Eh bien c'est exactement ce qu'ils faisaient. Pour en arriver à cette
conclusion, on simula la pressurisation-dépressurisation en enfermant
une carlingue de Comet dans un caisson. Et les essais commencèrent. Au
bout d'un certain nombre de cycles, la coque de l'appareil céda au niveau d'un hublot. Ce nombre s'avéra proche des cycles subis par l'appareil lors de son début d'exploitation commerciale.
...Il est pratiquement impossible de prévoir les phénomènes de fatigue. Le problème est trop complexe. La seule solution consiste à tester les matériaux, les structures complètes. Dans des bancs d'essai spécialement conçus pour cet usage des trains d'atterrissages d'avion subissent inlassablement les chocs correspondant à l'impact sur les pistes, des voilures subissent des flexions alternées, commandées par de simples vilebrequins, qui simulent les efforts dus aux rafales. Cela peut aller jusqu'à cent millions de cycles.
En fait la résistance du matériau décroît en partant de la valeur qu'elle a en statique. Cette courbe de décroissance s'appelle la courbe de Wohler, je crois me rappeler. certains structures, soumises à des contraintes données, voient leur résistance décroître, puis se maintenir à une valeur constante. Si celle-ci excède la mis en charge de la structure dans une utilisation normale on en déduira que celle-ci est " bonne pour le service ".
...L'industrie aéronautique s'est fixé des normes, a adopté des coefficients de sécurité. Aujourd'hui, quand on pose ses fesses dans un avion de ligne, on peut être certain que tous ses composants on été testés, aux chocs, au froid, à la chaleur. La sécurité est à ce prix.

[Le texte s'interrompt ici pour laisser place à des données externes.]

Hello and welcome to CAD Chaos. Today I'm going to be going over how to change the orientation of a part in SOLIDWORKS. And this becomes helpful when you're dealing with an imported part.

...Même chose pour les "petits avions", les biplaces, les quadriplaces, qui ne sont pas fabriqués n'importe comment mais calculés et testés à la fatigue. Il en est de même pour ce qu'on appelle "l'aviation légère". La construction amateur se porte bien, mais elle est encadrée. Prenez l'exemple d'un petit monoplace assez célèbre, le "Cri-Cri", propulsé au départ par deux moteurs de … tondeuse à gazon. Au départ un homme l'a conçu, dessiné, construit. Mais il a déposé un dossier de calcul, qui a été examiné par des gens compétents. Il a testé son appareil aux efforts, à la fatigue, en respectant des normes en vigueur. La résistance mécanique d'une aile dépend au premier chef d'un "longeron". L'inventeur du Cri-Cri a testé lui-même le sien, avec un excentrique monté sur un moteur électrique. Cent millions de cycles. Le test a été validé. L'inventeur a reçu le feu vert pour commercialiser son produit. Aucune aile de Cri-Cri n'a jamais cassé en vol.

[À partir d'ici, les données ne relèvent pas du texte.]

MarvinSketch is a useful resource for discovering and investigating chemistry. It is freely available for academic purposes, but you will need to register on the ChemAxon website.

...Et dans le domaine de l'ultra-léger ? Hélas, rien de semblable ( &&& écrit en 2001. Mais il y a gros à parier que six ans plus tard la situation n'a pas changé ). Dans ce terrain-là, nous en sommes au temps des frères Wright qui, comme on le sait, avaient débuté dans la vie comme fabriquants de cycles. Personne n'avait calculé ou essayé la patte à trous dont la rupture entraîna la mort de mon ami. "Ca avait l'air assez épais pour tenir", c'est tout. On ne peut pas en vouloir au constructeur : aucune réglementation ne l'obligeait à faire ce type de test et que crois bien qu'il ignorait tout simplement le sens du mot "fatigue des matériaux".
...En effort statique, la pièce pouvait encaisser plusieurs fois les efforts les plus violents. Mais personne n'avait testé sa résistance à la fatigue, ni même songé à le faire. Pourtant c'eût été simple. Un bâti, un excentrique, tractions, flexions, des milliers, des millions de fois, simulant dix fois, cent fois les efforts subis par la pièce dans les conditions les plus dures, bien au-delà de la durée de vie de la machine.

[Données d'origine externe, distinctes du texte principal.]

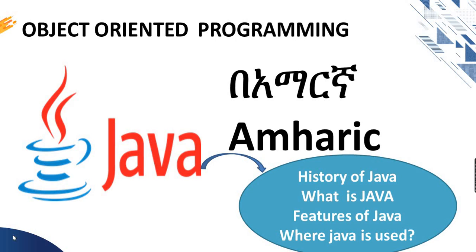Hi, Salam! This is Object Oriented Programming by the topic of what is Java, history of Java, features of Java, and where Java application is used.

...La patte à trous qui s'est brisée avait été découpée dans de la tôle inox de quinze dixièmes d'épaisseur. Avec du deux millimètres elle n'aurait jamais cassé. Toutes les épaisseurs des pattes à trou ont été par la suite contrôlées, et certaines révisées à la hausse. Mais pour cela, il a fallu deux morts, deux de plus.
...Je n'en veux pas au constructeur, Mallinjoud. Le pauvre a passé suffisamment de nuits blanches à cause de ce drame qui coûta la vie à un homme qui était aussi son ami, et le sien. C'est le système qui déconne complètement. Pas de normes, pas de contrôles périodiques, pas d'exigence de port d'un casque, d'emport d'un parachute de secours. Rien qu'une splendide liberté.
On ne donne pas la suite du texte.